Some Russian analysts believe that there are divisions within the ruling elite, partly based on policy prescriptions but mostly rooted in interest groups and their control over key resources. Piontkovsky concludes that there is a distinction between the “globalist kleptocrats” and the “nationalist kleptocrats.”23 Although both are anti-Western and seek to restore Russia’s power and global reach, the nationalist kleptocrats favor more isolation from Western influences and include the country’s military chiefs. The globalist kleptocrats, on the other hand, invariably possess property and bank accounts in foreign countries and even while they berate the West, they staunchly oppose national isolation.

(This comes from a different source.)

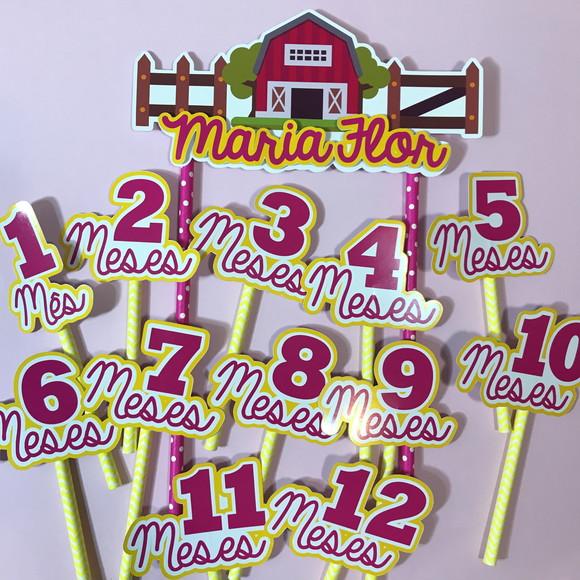 Kit Topos de Bolo Mesversário Bebê Personalizado Fazendinha
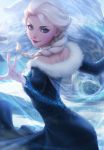  1girl bare_shoulders blonde_hair blue_dress blue_eyes blush braid cape disney dress elsa_(frozen) frozen_(disney) fur_trim hair_over_shoulder highres lipstick long_dress long_hair looking_at_viewer looking_back makeup off_shoulder outstretched_hand signature single_braid smile snow snowflakes solo stanley_lau strapless strapless_dress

Russia may also become increasingly susceptible to ethnic nationalism, especially as the Muslim population continues to grow, economic uncertainties continue, and the influx of workers from Central Asia, and from China to Siberia and the Far Eastern provinces, accelerates ethnic tensions. Russia’s nationalist backlash could be supported by various interest groups or used by the Kremlin to mobilize public support. As a declining power, Russia may become even more threatening – or even desperate – during its potential devolution, as it will seek to prevent and disguise its deterioration by projecting strength, extracting maximum advantages from the weakness of neighbors, and promoting the commensurate decline of other major powers, competitors, and adversaries.

The August 2008 invasion and partition of Georgia indicates that the disintegration of the Soviet Union may actually be continuing as “the end of the USSR’s existence as a formal and legal entity is not the same thing as the historical disintegration of the ‘Kremlin empire.’”24 Moscow has established a new precedent in former Soviet territories by recognizing South Ossetia and Abkhazia as independent states as this can be used to justify and legitimize the gradual partition of other former Soviet republics, as well as of certain republics within Russia itself.

There is a rising danger of separatism and territorial partition within the Russian Federation, especially in the North Caucasus but also in the Volga republics and several eastern territories.25 In the Caucasus, Chechnya, Ingushetia, and Dagestan remain the most important flashpoints, as insurgent groups are spreading and launching violent attacks against local leaders appointed by Moscow. Inter-ethnic and clan conflicts are growing amidst local nationalisms and pan-regional religious radicalism where republican borders are not recognized. The region is also racked by corrupt and abusive governance, high rates of unemployment, widespread poverty, and the breakdown of the social infrastructure. In the midst of a spreading economic crisis, this is a heady mix of problems that federal authorities may not be able to contain. The addition of South Ossetia and Abkhazia, which are fully dependent on Russia economically and militarily, will further deplete federal resources and contribute to instability inside Russia.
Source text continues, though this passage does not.